_Work item_: Retype exactly the span of lines below from the one with "1919 S 9th St W - Photo 2 of 3" through the one with "Une première en". Do not include pictures.

= Beginning of Section =

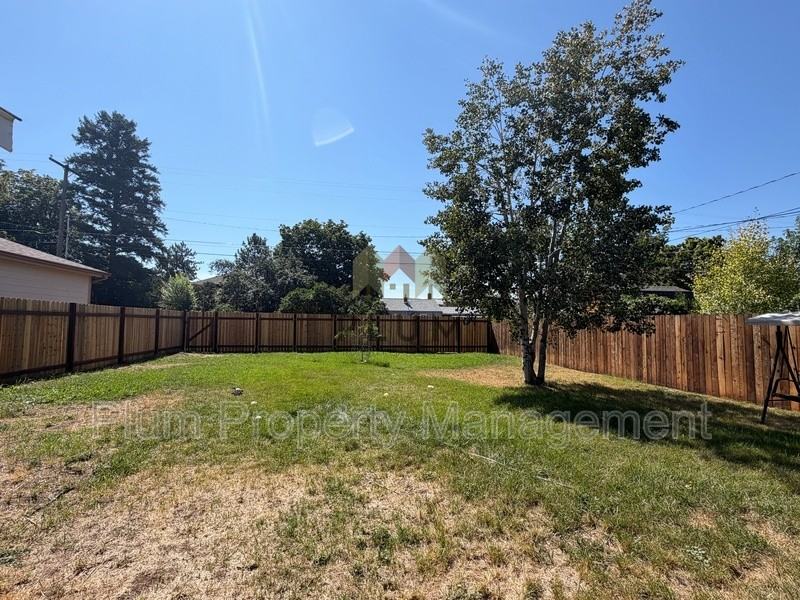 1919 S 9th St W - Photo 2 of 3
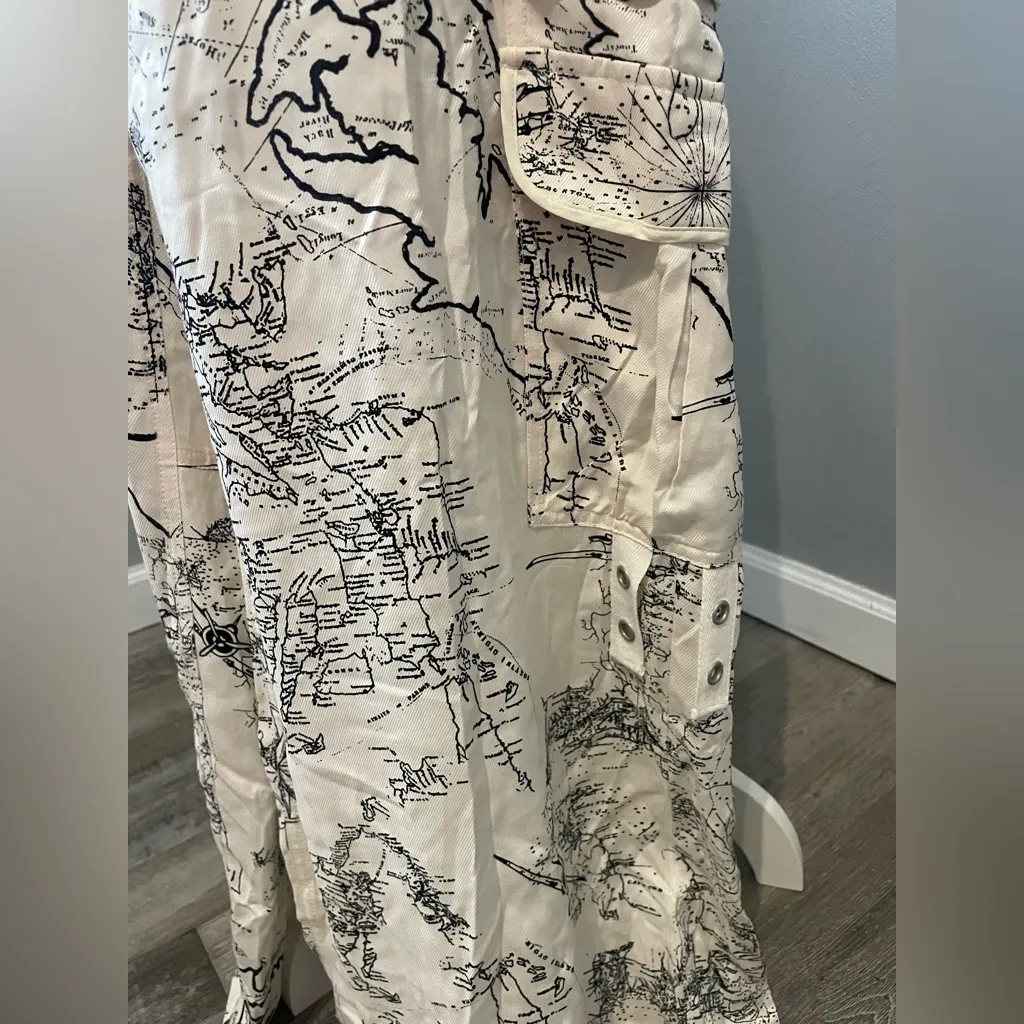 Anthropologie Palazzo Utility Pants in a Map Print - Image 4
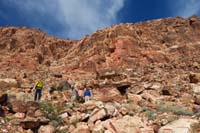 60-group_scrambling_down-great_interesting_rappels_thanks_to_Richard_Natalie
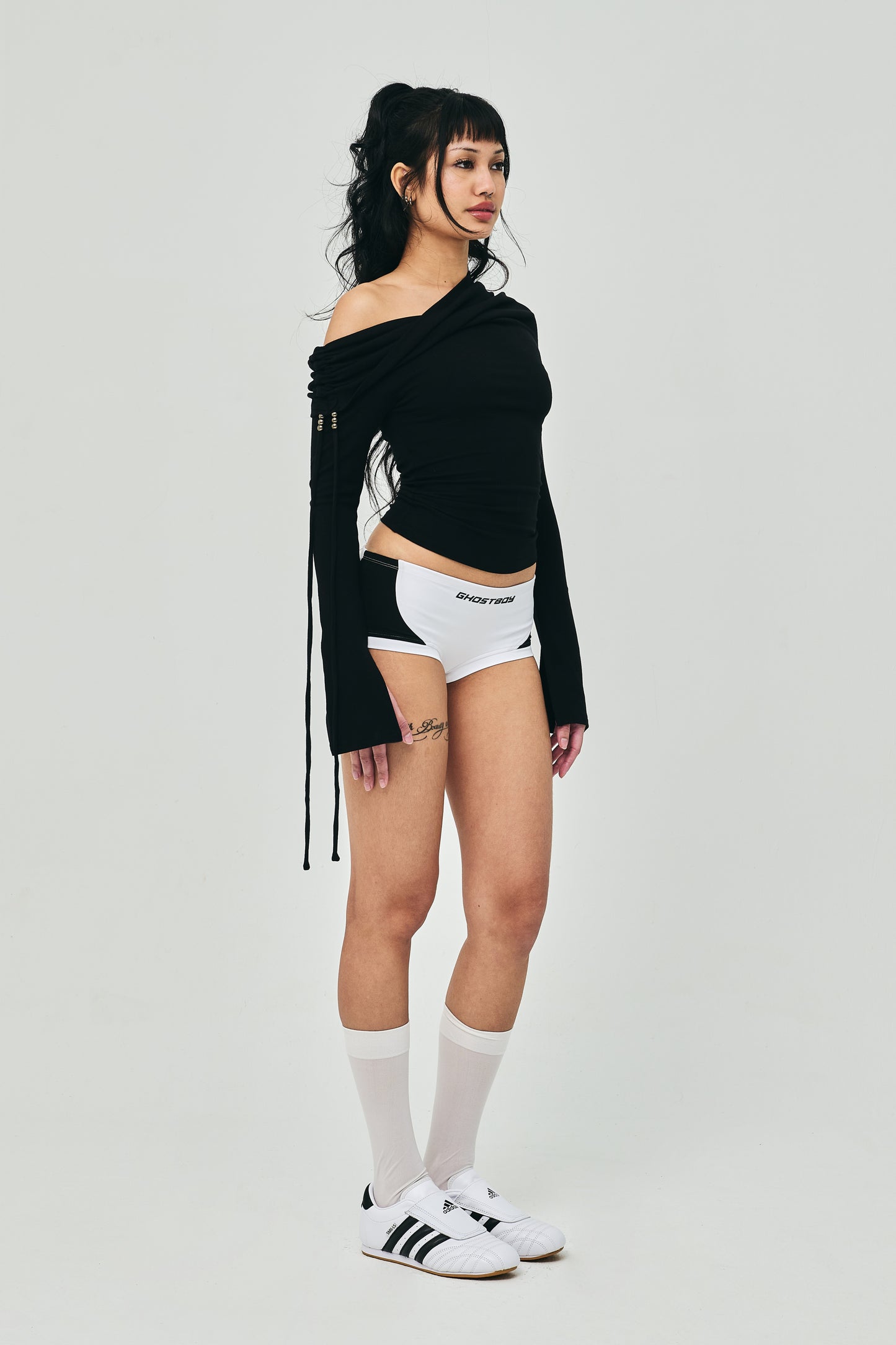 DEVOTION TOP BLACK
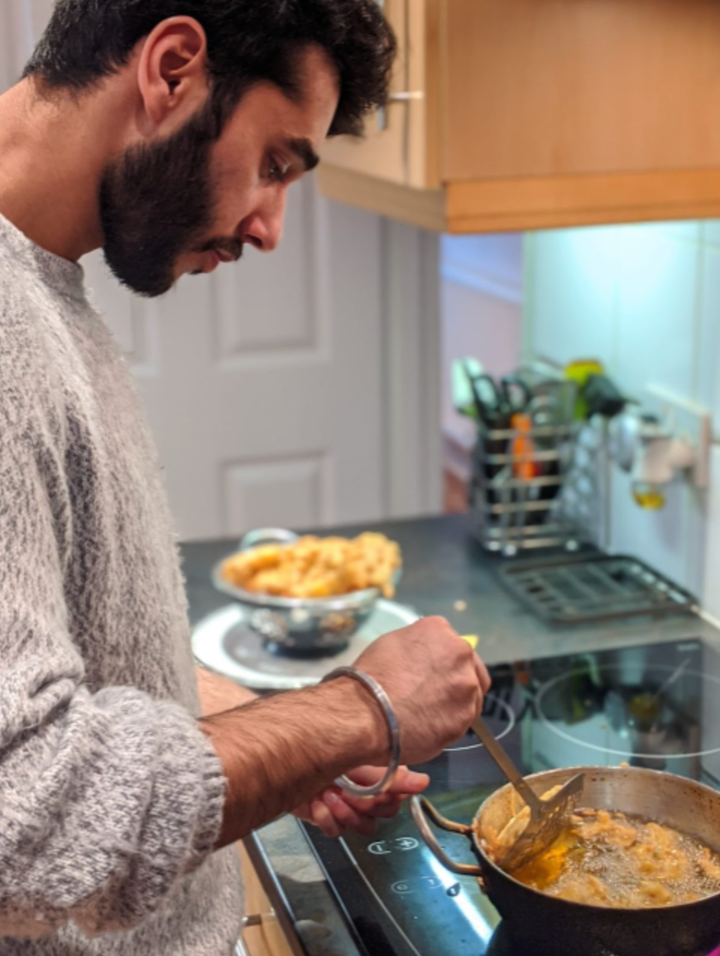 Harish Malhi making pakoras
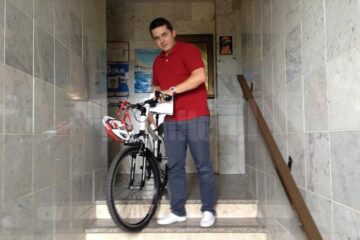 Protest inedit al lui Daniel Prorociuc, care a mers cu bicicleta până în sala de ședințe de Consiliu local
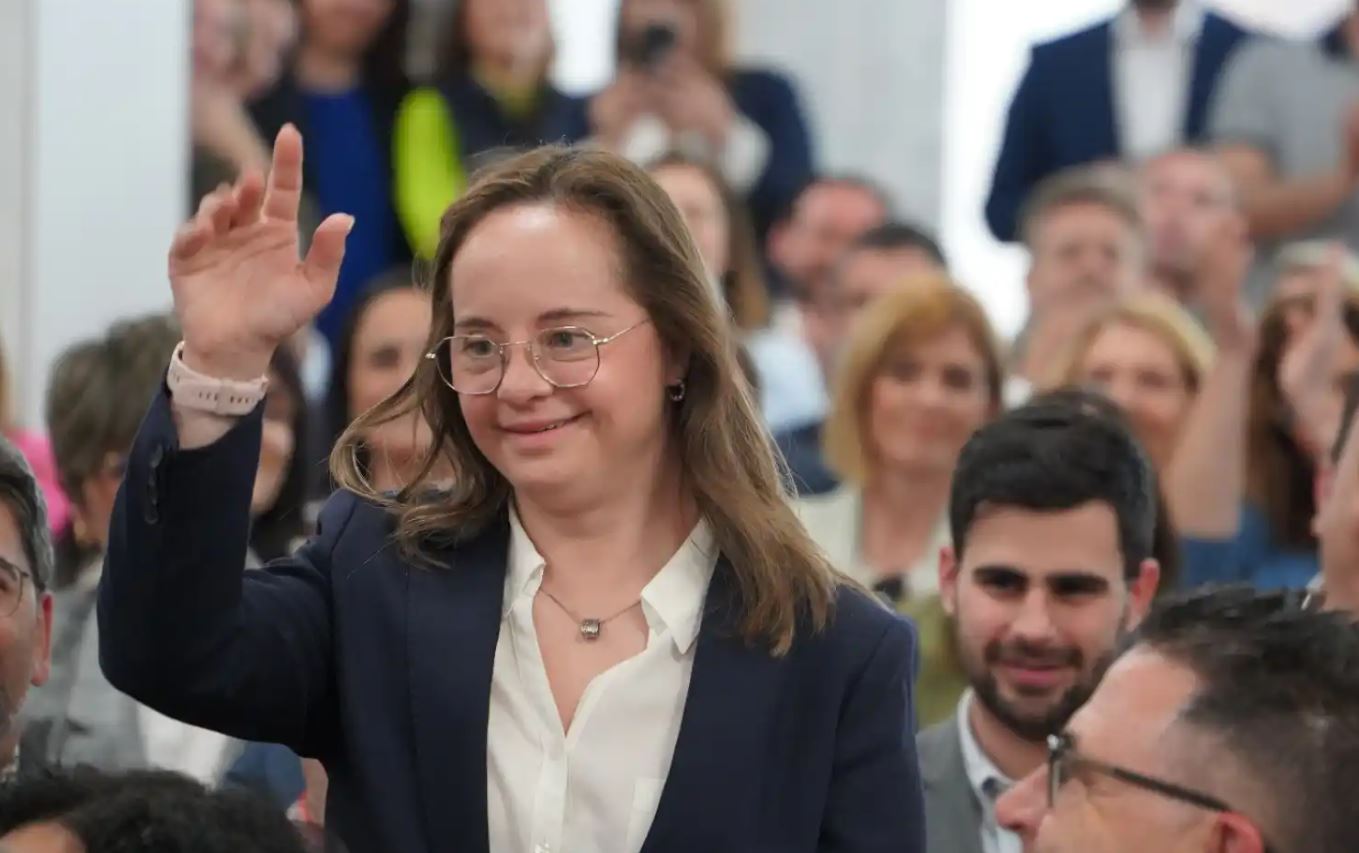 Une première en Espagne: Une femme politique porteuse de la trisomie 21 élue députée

= End of Section =
= Beginning of Section =

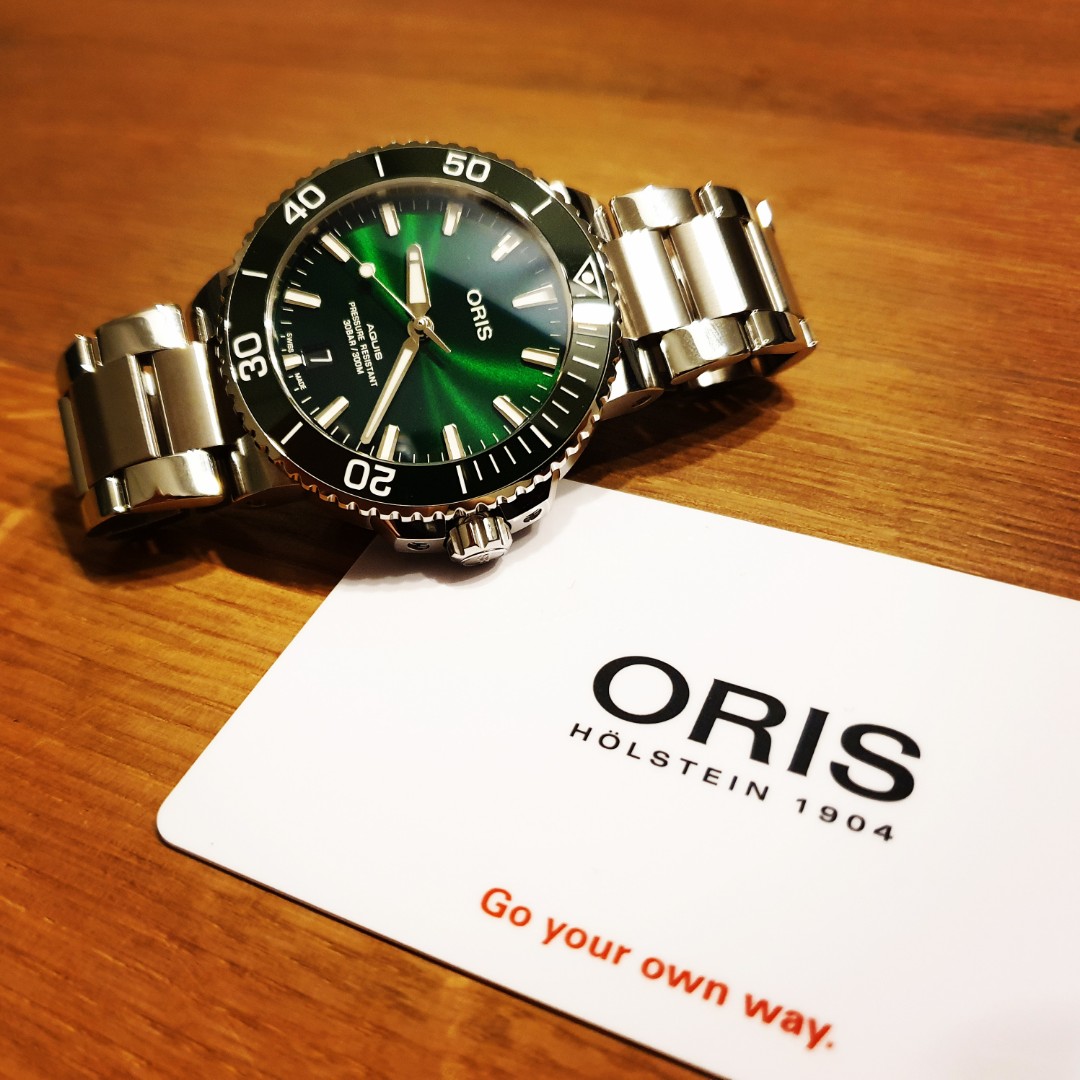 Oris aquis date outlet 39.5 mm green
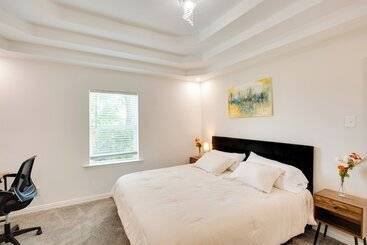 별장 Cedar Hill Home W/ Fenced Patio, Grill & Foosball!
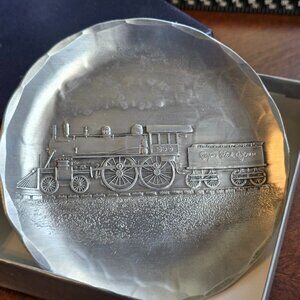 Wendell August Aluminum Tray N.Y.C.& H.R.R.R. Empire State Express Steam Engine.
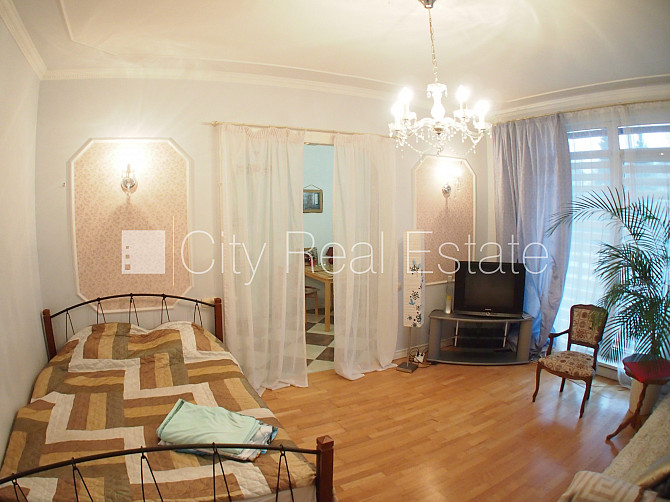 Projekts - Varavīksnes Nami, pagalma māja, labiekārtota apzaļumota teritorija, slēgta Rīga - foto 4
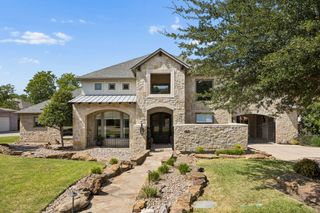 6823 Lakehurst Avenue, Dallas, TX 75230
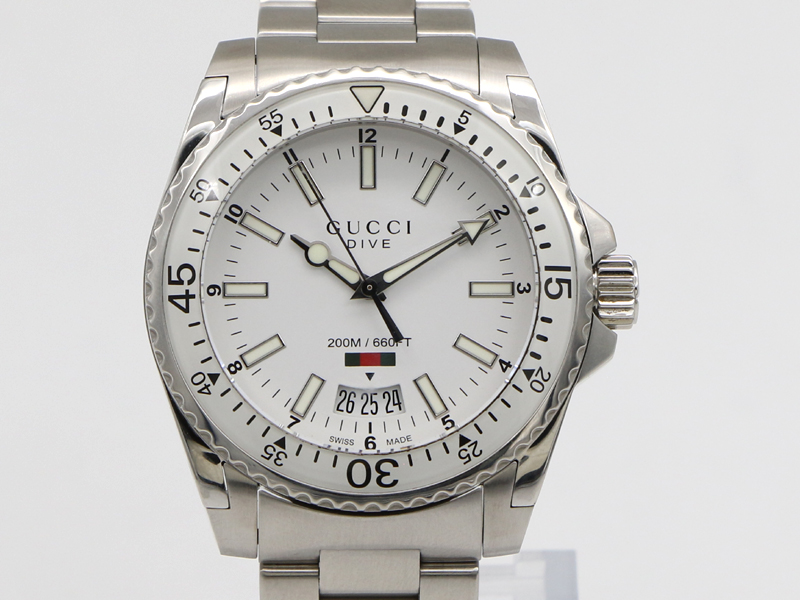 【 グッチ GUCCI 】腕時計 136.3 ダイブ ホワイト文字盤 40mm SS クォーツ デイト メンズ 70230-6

= End of Section =

_Response box_:
 1919 S 9th St W - Photo 2 of 3
 Anthropologie Palazzo Utility Pants in a Map Print - Image 4
 60-group_scrambling_down-great_interesting_rappels_thanks_to_Richard_Natalie
 DEVOTION TOP BLACK
 Harish Malhi making pakoras
 Protest inedit al lui Daniel Prorociuc, care a mers cu bicicleta până în sala de ședințe de Consiliu local
 Une première en Espagne: Une femme politique porteuse de la trisomie 21 élue députée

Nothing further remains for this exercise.